Les Hmongs vivent dans les régions montagneuses reculées d’Asie du Sud-Est (Thaïlande, Laos, Viêt Nam) et de la Chine du Sud ; c’est ce qui leur a permis de maintenir largement leur mode de vie traditionnel.
La société Hmong est organisée selon une structure clanique patrilinéaire. La solidarité s’étend d’abord à la lignée, quatre générations cohabitant le plus souvent sous un même toit.
Par tradition, l’opium, ainsi que les cultures vivrières (riz, manioc, maïs, légumes) sont cultivés selon un mode de culture itinérante : la végétation naturelle est brûlée pour créer un champ, la cendre servant d’engrais. Au bout de trois ou quatre ans, ce champ est abandonné à la végétation spontanée et un nouveau champ est préparé par brûlis. Cependant, les gouvernements font pression sur les Hmongs pour qu’ils cultivent plutôt la même terre année après année, en utilisant des engrais de synthèse et des insecticides chimiques.
Depuis le XVII ou XVIIIe siècle, les Hmongs cultivent l’opium et le conditionnent en pains étalonnés qui s’échangent contre des lingots d’argent — celui-ci étant nécessaire à la célébration des fêtes, et surtout à « l’achat » de la fiancée, qui se fait hors du clan.
La grande majorité des Hmongs ne sont pas fumeurs d’opium à proprement parler ; ils ne l’utilisent qu’à titre thérapeutique (fumé ou ingéré) à l’occasion de violentes poussées de fièvre ou de fortes douleurs (malaria, diphtérie, amibiases, blessures de guerre, règles douloureuses, suites d’accouchement, etc.). Il est entendu chez les Hmongs qu’un homme ne doit pas fumer d’opium avant que ses fils (qui habitent sous le même toit que lui) soient mariés et en état de travailler dans les champs, donc de subvenir aux besoins de la maisonnée.
Alors, et alors seulement (c’est-à-dire en général vers l’âge de 45 ou 50 ans), il est admis qu’un chef de famille puisse profiter d’un repos bien gagné (tout en soulageant les douleurs de l’âge). Ainsi les fumeurs d’opium réguliers représentent-ils 10% tout au plus de la société Hmong — les femmes constituant à peine le quart de cette population, car elles ne possèdent pas de champ et ne peuvent se procurer de l’opium que par leur mari ou leurs fils.

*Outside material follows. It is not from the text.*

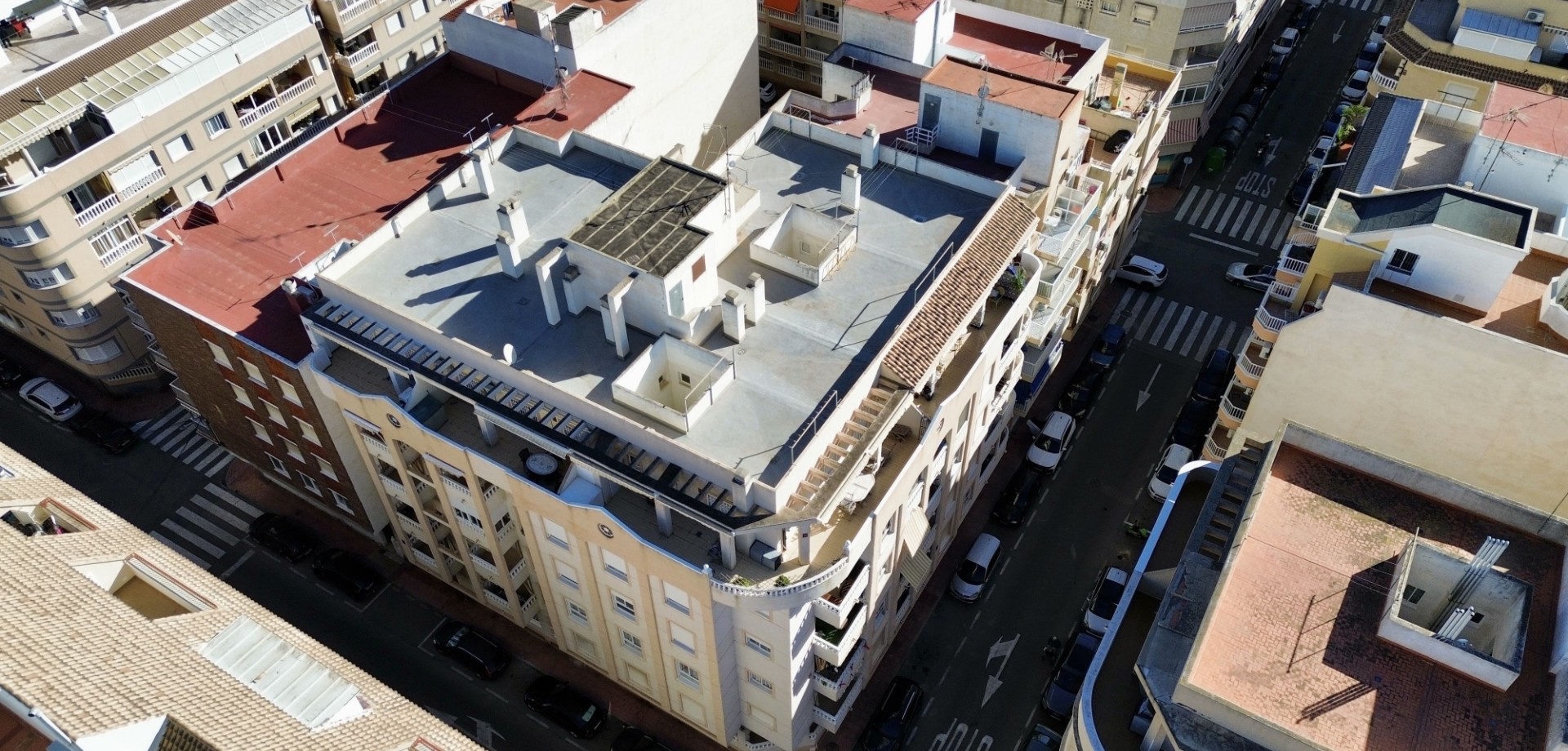 2 Bed, 1 Bath, ApartmentFor Sale, Torrevieja, Alicante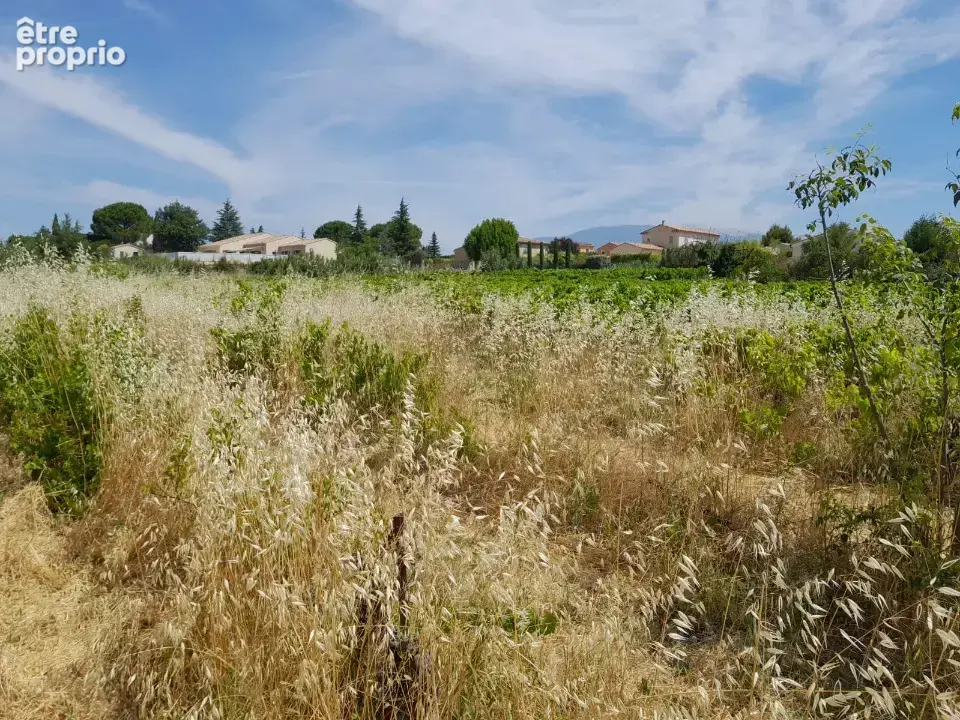 Terrain 450 m² à vendre à Orange (84100) - photo 4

Les hommes d’âge mûr qui fument l’opium le cultivent en général eux-mêmes (l’acheter représenterait un lourd fardeau pour la lignée). Il est pour eux un vecteur de socialisation — fumé lors de fêtes, ou au retour d’un ami, ou pour palabrer entre Anciens. Dans ces réunions, la pipe est utilisée à tour de rôle, et délie les langues, comme l’alcool sous d’autres latitudes.
En revanche, il existe un petit nombre d’opiomanes (estimé à 0,5% de la population Hmong), en général jeunes, qui, ne réussissant pas à maîtriser leur consommation, ne sont plus en mesure de répondre aux normes sociales. Une consommation répétée (jusqu’à dix fois par jour) domine leur existence, interférant avec les horaires des repas, ce qui accentue leur désocialisation. Ces opiomanes fument le plus souvent dans des cahutes à l’écart de la maison. Incapables de travailler, ils sont obligés d’acheter l’opium qu’ils consomment, ce qui fait peser un double poids sur leur lignée et peut la mettre en péril.
La fréquence de ce type de consommation augmente avec les difficultés économiques et l’éclatement des structures familiales — choses qui sont fréquentes dans le contexte laotien actuel.
Les ustensiles qui servent à fumer l’opium chez les Hmongs sont rustiques ; les matériaux utilisés reflètent la présence de conflits armés dans la région.